Wednesday will mark the one year anniversary of the devastating earthquake that struck Haiti. It killed more than 230,000 people and displaced over a million more. Many problems still persist and little progress has been made in Port-au-Prince over the past year.
They say it is just the way things work in Haiti; progress is measured in inches, at a snail's pace, but for those who are living in squalor one year later, that is not a good enough answer. In Port-au-Prince the scene is catastrophic: the presidential palace is still in ruins and the national cathedral is barely recognizable. The number of families out of homes and on the streets continues to grow.
"We just live like animals over there," said Carlos Gin Charles, who lives in a tent city. "We have many problems; the problems we have no food, no water, diseases, rape, people stealing stuff."
Gin Charles lives in a survivor camp named Cité Soleil. More than 2,000 families have been on the narrow stretch of land since the 7.0 earthquake rocked Haiti last January. He says desperation is growing.
"We are going to fight against [the government]," he said. "I don't care if we die. We're going to take guns. Even if I die, me and my brother are going to fight. So much corruption in this country."

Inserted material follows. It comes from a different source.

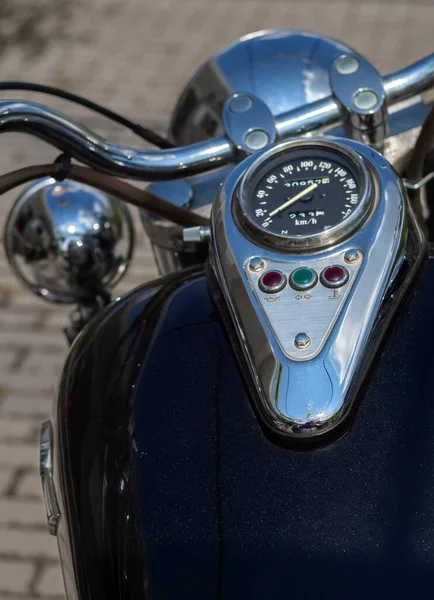Kraftstofftank Tacho Und Lenkrad Eines Stehenden Chopper Motorrads Nahaufnahme — Stockfoto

In some neighborhoods in Port-au-Prince, it looks like the earthquake just happened. It is estimated that only 2 percent of the rubble has actually been cleared from the capital city.
"There's no guide book on how to deal with this," said Miyamoto Structural Engineer Cory Kilcullen. "We are in a country that has no infrastructure. We're in a country that wasn't functioning very efficiently before the earthquake."
Structural engineers like Kilcullen are moving through the streets of Port-au-Prince, checking almost 400,000 buildings to date.
"We're ideally putting down the framework for what we could have as a building department," Kilcullen explained. "Some sort of checks and balances and a way to enforce future building codes."
That is welcomed news for Felix Paul Michuel; he too lost his home and is now forced to live in a tent. Ironically, when the quake hit Paul Michuel was celebrating, now he shares a birthday with the anniversary of the earthquake.
"The people cannot live in the tents," he said. "It's very, very bad. I cannot say the situation is better."
Money continues to pour in to the country, $712 million from the U.S. alone, but it is taking time to get to the people. Some say that is a good thing.
"The system in Haiti does not work very well," said Haiti Fund Executive Director John Winnings. "So, my sense of it is, that there will be less waste and less loss of the value of the money if it goes in a slower and measured process."
So much is said about Port-au-Prince, most people do not know the epicenter of the quake was 17 miles west of the capital in a town called Leogane. It is about the size of Charlottesville.